Crawled caption data

◆ ◆ ◆ ◆ ◆ ◆ ◆

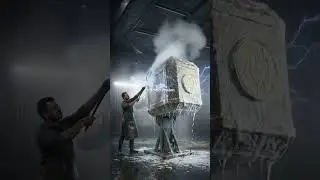 Palu thor ini terlihat besar bukan? #foryou #trending #asmr #kidsvideo #satisfying #trending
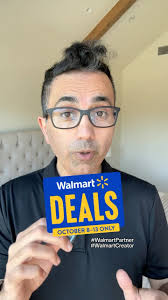 Walmart Deals Holiday Kickoff! #WalmartPartner , Starting October 8th  through the 13th @Walmart is kicking off the holiday shopping season with  their incredible online exclusive deals for Halloween, ...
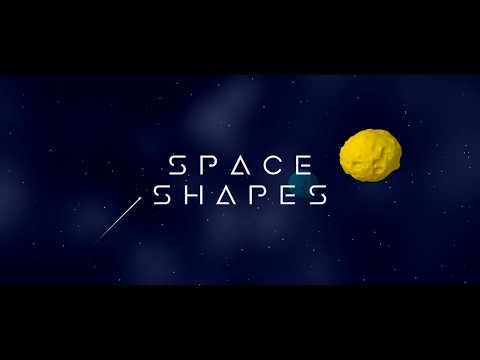 Space Shapes: New Addictive Bl Video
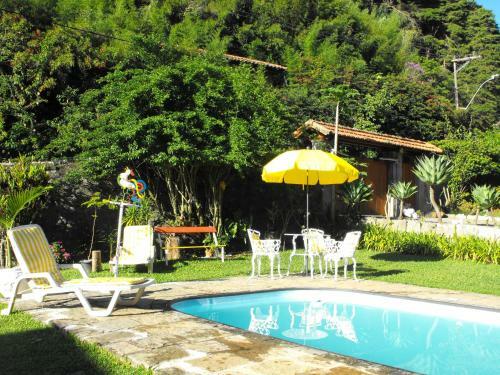 Hotel Pousada Cascata Dos Amores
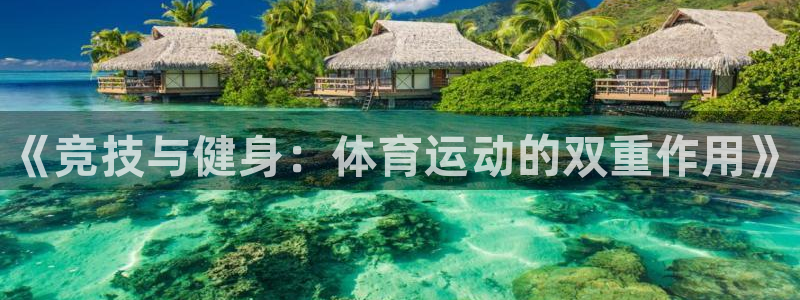 利记官网下载平台注册流程图：《竞技与健身：体育运动的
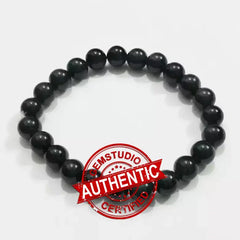 Black Obsidian Bracelet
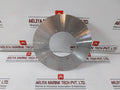 Abb Ik-4M & G9B Seal Plate For Long Soot Blower For 3 Inch Od 0Ab-000-022
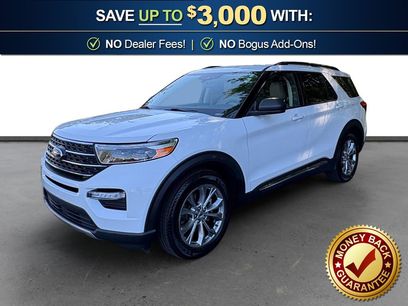 Used 2020 Ford Explorer XLT w/ Equipment Group 202A
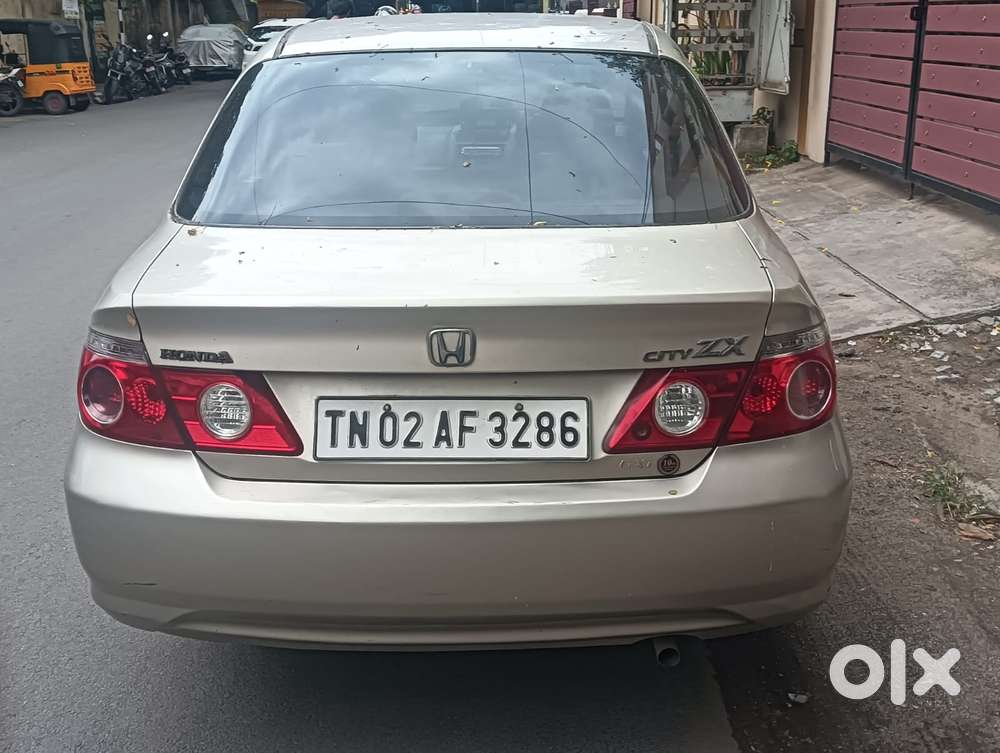 Honda City Zx Gxi, 2008, Petrol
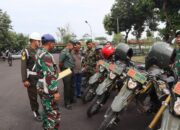 Kodim 0711/Pemalang Terima Edukasi Hukum Prioritas Jalan dan Penggunaan Sirine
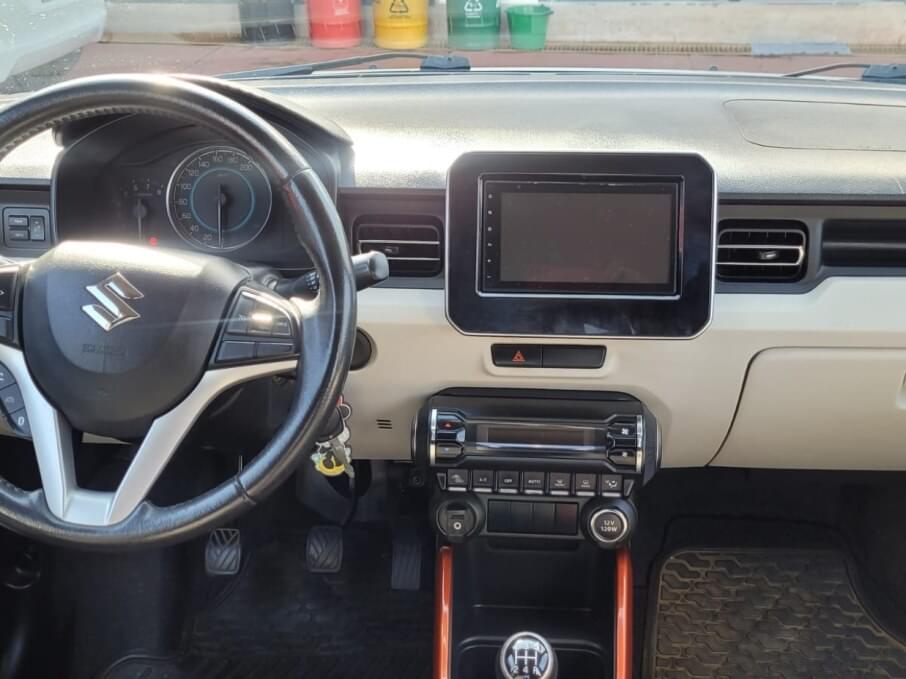 SUZUKI IGNIS 2022 71.200 Kms.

◆ ◆ ◆ ◆ ◆ ◆ ◆

(Exercise prompt): Please retype, exactly and with the pictures left out, the lines from the line containing "Abb Ik-4M &" through the last line of the records above.

(Exercise output):
 Abb Ik-4M & G9B Seal Plate For Long Soot Blower For 3 Inch Od 0Ab-000-022
 Used 2020 Ford Explorer XLT w/ Equipment Group 202A
 Honda City Zx Gxi, 2008, Petrol
 Kodim 0711/Pemalang Terima Edukasi Hukum Prioritas Jalan dan Penggunaan Sirine
 SUZUKI IGNIS 2022 71.200 Kms.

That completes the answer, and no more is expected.